To Thine Own Self Be True

Originally Published: August 13, 2013

There are no foregone conclusions when it comes to William Shakespeare's work. While some argue that Shakespeare didn't write most, or all, of his attributed plays and scripts, others argue that he was a ghost writer for other Elizabethan-era playwrights.

As a New York Times article points out:

For nearly two centuries, scholars have debated whether some 325 lines in the 1602 quarto edition of Thomas Kyd’s play “The Spanish Tragedy” were, in fact, written by Shakespeare.

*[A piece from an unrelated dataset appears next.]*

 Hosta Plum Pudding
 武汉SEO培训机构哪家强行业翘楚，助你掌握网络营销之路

In a terse four-page paper, to be published in the September issue of the journal Notes and Queries, Douglas Bruster argues that various idiosyncratic features of the Additional Passages — including some awkward lines that have struck some doubters as distinctly sub-Shakespearean — may be explained as print shop misreadings of Shakespeare’s penmanship.

“What we’ve got here isn’t bad writing, but bad handwriting,” Mr. Bruster said in a telephone interview.

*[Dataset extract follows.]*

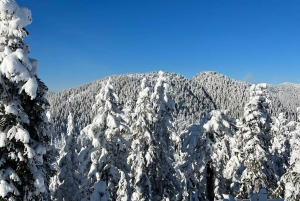 Vancouver: North Shore Mountains Snowshoeing with Transfer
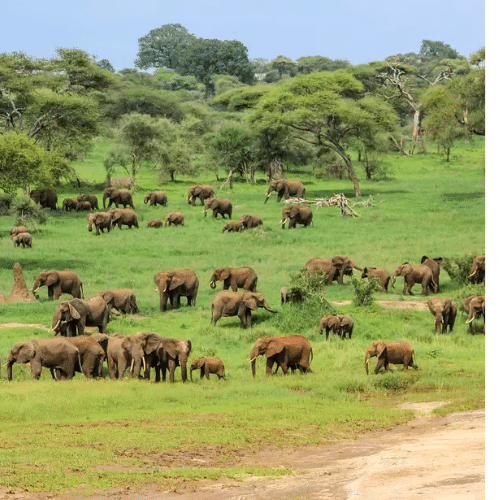 parc national de tarangire Tanzanie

And this new theory may have legs:

“We don’t have any absolute proof, but this is as close as you can get,” said Eric Rasmussen, a professor at the University of Nevada, Reno, and an editor, with Jonathan Bate, of the Royal Shakespeare Company’s edition of the complete Shakespeare.

“I think we can now say with some authority that, yes, this is Shakespeare,” Mr. Rasmussen said. “It has his fingerprints all over it.”

Enough so that:

Mr. Rasmussen and Mr. Bate are including “The Spanish Tragedy” in the Royal Shakespeare Company’s new edition of Shakespeare’s collaboratively authored plays, to be published in November.

But others, predictably, aren't as enthusiastic about these findings:

Tiffany Stern, a professor of early modern drama at Oxford University and an advisory editor for the Arden Shakespeare, praised the empirical rigor of Mr. Bruster’s paper, but said that some new attributions were driven less by solid evidence than by publishers’ desire to offer “more Shakespeare” than their rivals.

“The arguments for ‘The Spanish Tragedy’ are better than for most” putative Shakespeare collaborations, Ms. Stern said. “But I think we’re going a bit Shakespeare-attribution crazy and shoving a lot of stuff in that maybe shouldn’t be there.”

And, as the article mentions, it's important to remember that:

Elizabethan theater was intensely collaborative, with playwrights often punching up old plays or working with other dramatists to cobble together new ones, in the manner of Hollywood script doctors.